The latest data from the Swiss Federal Statistical Office on retail sales for January showed a seasonally adjusted growth of 0.3% year-on-year and an increase of 0.7% compared to the previous month. The food and beverage sector is showing growth of 0.3%, while volumes in the non-food segment increased by 1.3%. Investors' attention was also attracted by the business activity index from procure.ch , which tracks the dynamics in the manufacturing sector and is a key indicator for assessing the country's economic climate. This index gained 44.0 points, which contributed to the strengthening of the Swiss franc.
- Resistance levels: 0.8870, 0.8980.
- Support levels: 0.8780, 0.8690.
USD/JPY: investors' expectations regarding the correction of the monetary policy of the Central Bank of Japan in April
The USD/JPY currency pair showed moderate growth, continuing to follow the upward trend set at the end of last week. The currency pair is checking the 150.25 level for the possibility of an upward breakout, while market participants are carefully analyzing the latest economic reports from the United States and Japan. The results from the United States disappointed, showing a decrease in the ISM manufacturing activity index to 47.8 points from the previous 49.1, which was below analysts' expectations.

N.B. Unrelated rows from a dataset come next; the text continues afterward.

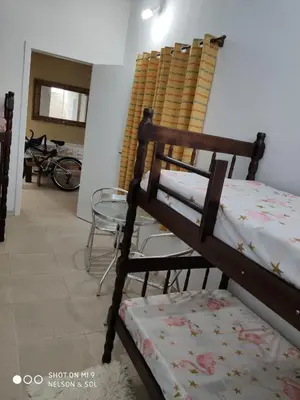 Uma cama ou camas num quarto em Casa de Família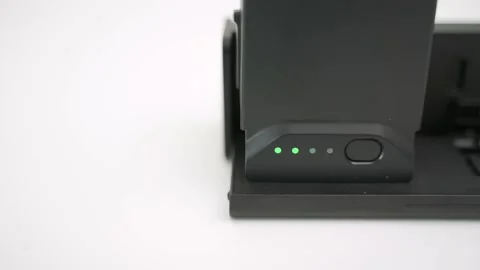 Charging modern quadcopter drone battery Video stock 146831617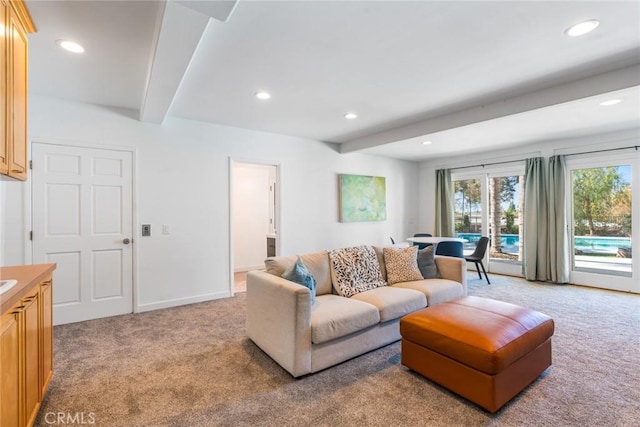 living room featuring recessed lighting, beamed ceiling, and light colored carpet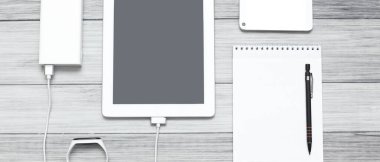 Tablet, boş defter, telefon ve şarj aleti.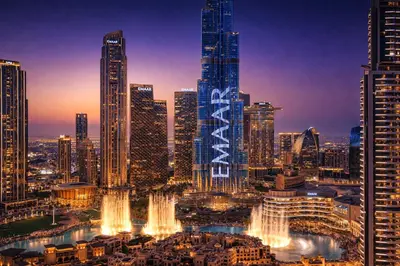 a nighttime view of a city with a fountain at Elite Royal Apartment - Sky Series - Full Burj Khalifa & Fountain View - Noble in Dubai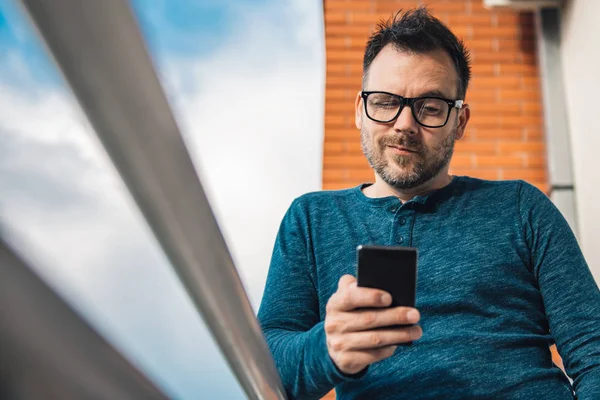 Akıllı Telefon Açık Kullanarak Gözlüklü Adam Mavi Tişört Giyiyor — Stok fotoğraf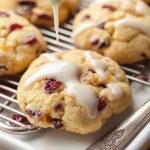 Orange Cranberry Meltaway Cookies being drizzled with a white glaze, showcasing their golden-brown texture and bright red cranberries.
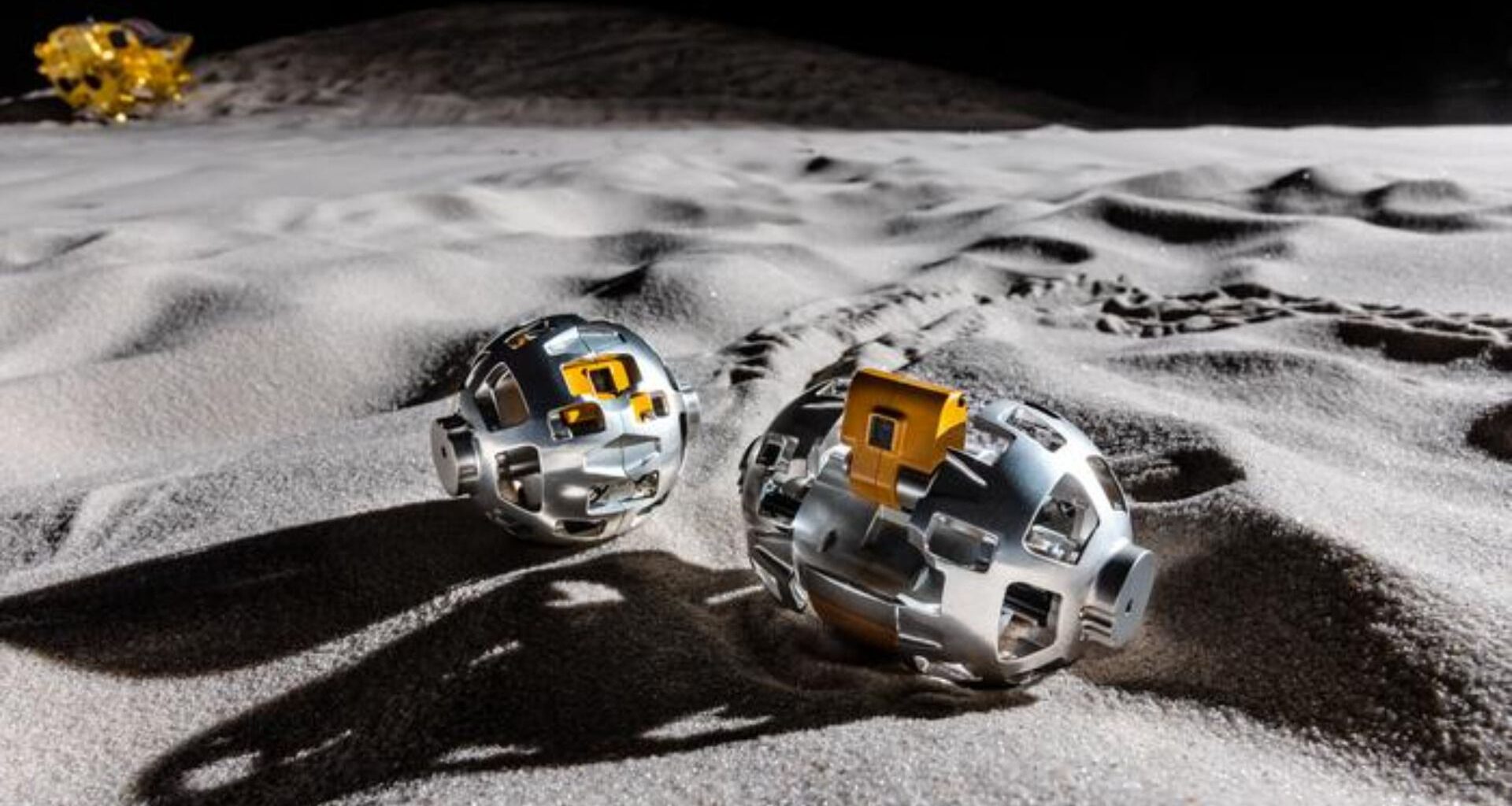 An illustration of two metal rounded objects on the moon's surface.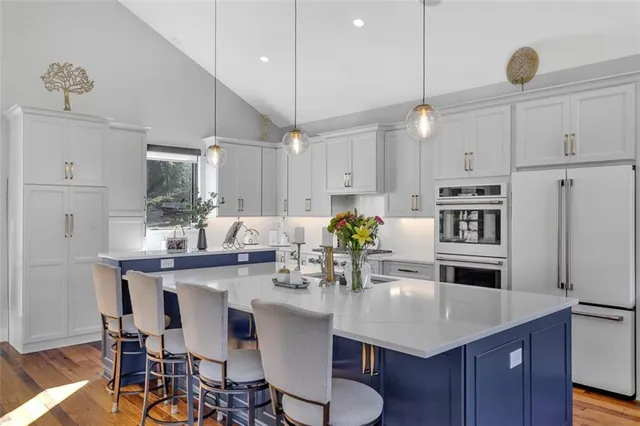 a kitchen with kitchen island a dining table and chairs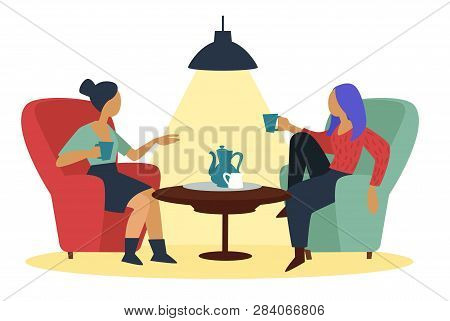 Girlfriends Talking At Cafe With Coffee Cups In Armchairs Near Table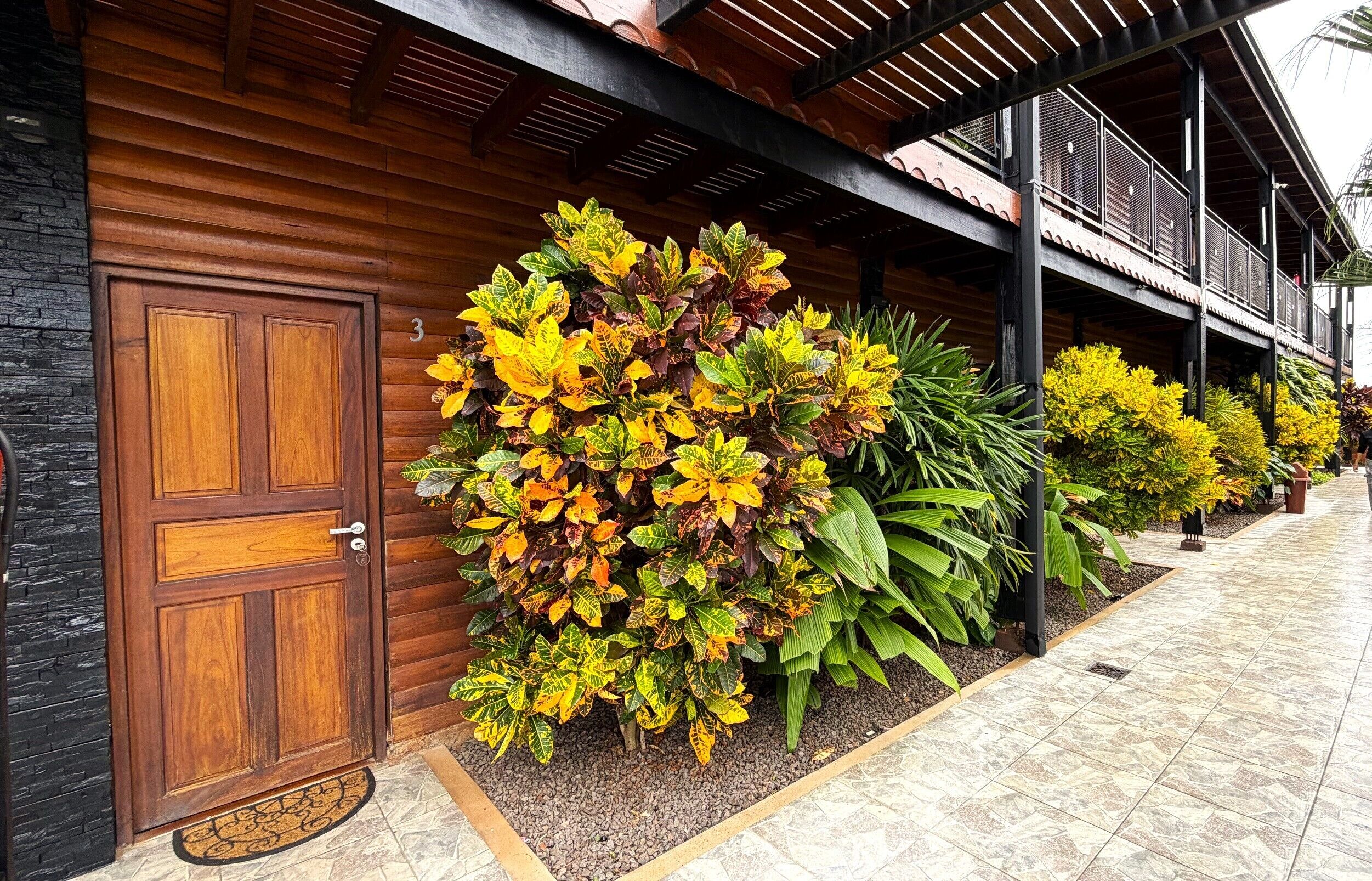 A wooden building with a large door and a covered walkway.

At the same time, data from S&P Global indicated an increase in the index to 52.2 points, exceeding forecasts.
Japan presented mixed economic indicators, among which it is worth highlighting the stability of the Jibun Bank manufacturing activity index and the improvement in the consumer confidence index to 39.1 points. There was also a slight decrease in the unemployment rate and the maintenance of a high ratio of vacancies to the number of applicants. The new head of the Bank of Japan, Kazuo Ueda, called for caution in assessing the achievement of the inflation target and stressed the importance of upcoming wage data and negotiations with trade unions for future interest rate decisions. Given that inflation in Japan has been above 2% for more than a year, the market expects the Central Bank to end its policy of ultra-soft conditions by April, possibly raising rates from the current level of -0.10%.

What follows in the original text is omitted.